Documentary, airing tonight on PBS, explores Hollywood treatment of Native Americans

I've never seen John Wayne in The Searchers (1956), but after watching Reel Injun, a PBS documentary airing tonight, I'm pretty sure I don't ever want to.

Reel Injun, part of PBS's stellar Independent Lens series, explores Hollywood's treatment of Native Americans through almost a century of film – a period in which American Indians slowly evolved from the reviled savages who must be killed to the fascinating natives that they are. The documentary, directed by Cree filmmaker Neil Diamond, looks at how the myth of "the Injun" has influenced the world's understanding – and misunderstanding – of Natives.It includes interviews with Clint Eastwood, Jim Jarmusch, Sacheen Littlefeather, and others.

During the extended Indians-as-bad-guys segment, a clip from The Searchers, directed by John Ford, is shown. In the movie, Wayne plays a man whose niece is kidnapped by Comanches who murder her family and burn their ranch house. It's certainly reason for righteous anger, perhaps even revenge. But a scene where Wayne and his comrades dig up a freshly buried Indian is especially troubling. After desecrating the grave, one of the white men lifts a huge rock and smashes the dead Indian's face; the blow itself isn't shown, but implied.

Then Wayne's character, on horseback, says, "Why don't you finish the job?" He pulls out a pistol and fires two shots into the dead Indian's face, then says, "Ain't got no eyes, he can't enter the spirit world. He has to wander forever between the winds." Oh. My. Goodness. I was aghast.

Critics have pondered whether audiences saw the act – and Wayne's character overall in the film – as racist, but as Roger Ebert noted in his 2001 review, "Is the film intended to endorse their attitudes, or to dramatize and regret them? Today we see it through enlightened eyes, but in 1956 many audiences accepted its harsh view of Indians."

Today, we can watch this documentary through enlightened eyes as well. And it's an eye-opener. But it's not all bad; the film acknowledges such films sensitive to Native Americans as Dances With Wolves and others since 1990.

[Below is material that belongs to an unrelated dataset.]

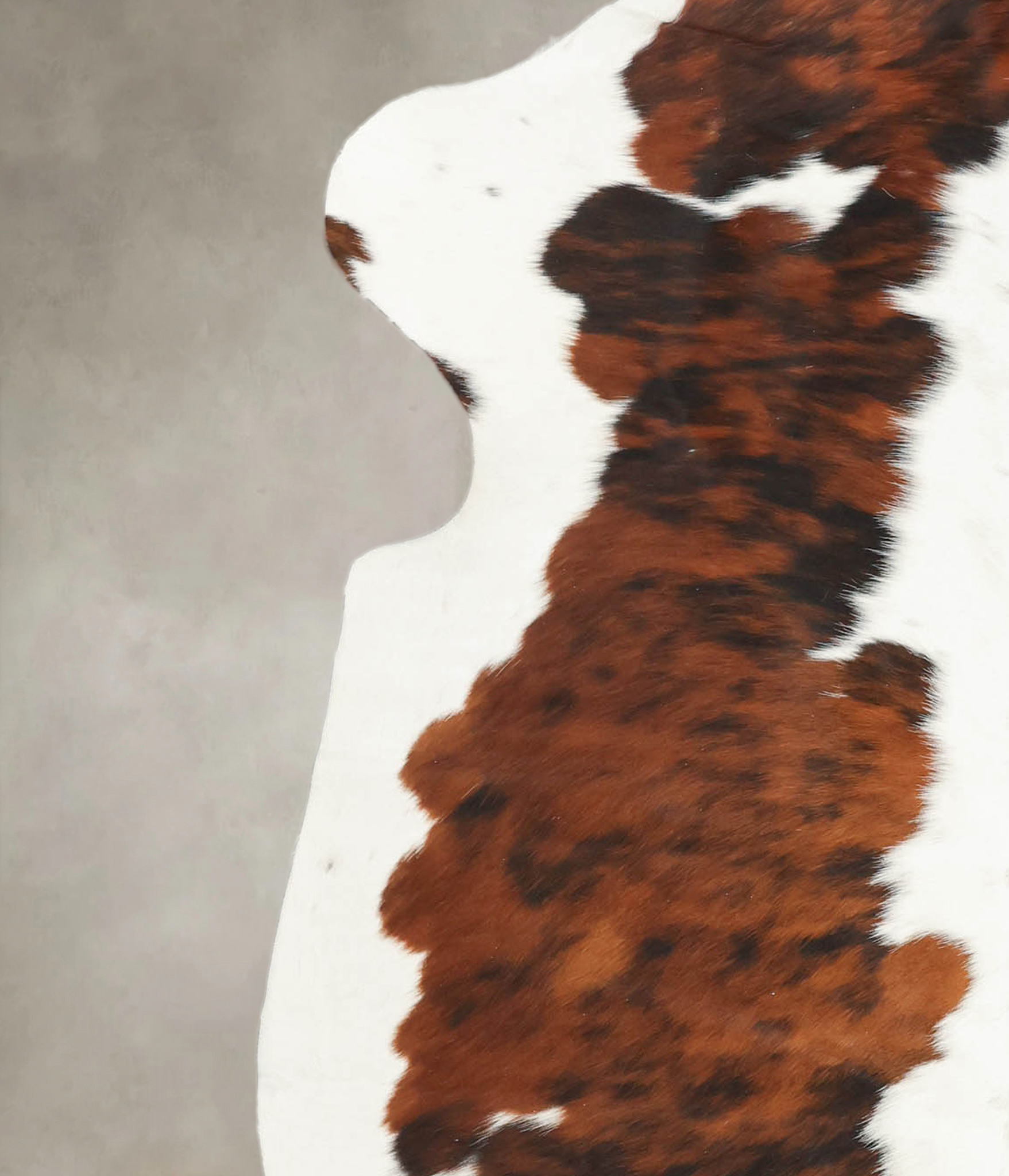 Tricolor Cowhide Rug #B5912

And there's even humor. The filmmakers snicker at the notion of white people playing Natives (see Chuck Connors as Geronimo, top left). And in an interview with an old Navajo couple that had once played extras in some old Westerns, the filmmaker learned that many Natives would go "off script" when interacting with their white counterparts in a film. "No one ever bothered to translate," says the narrator, with a pregnant pause, "until now."

A clip is shown from 1964's A Distant Trumpet in which a U.S. Calvary Lieutenant is questioning an Indian chief.

"If I do not return," the white man says, "General Quaint will find you. And you will be dead, and all your people."

The stoic chief answers in his native tongue – and in 1964, there were no subtitled translations. But now there are: "Just like a snake," he says, "you'll be crawling in your own s***."

Responds the lieutenant without blinking, "No, he is NOT a fool. You are!"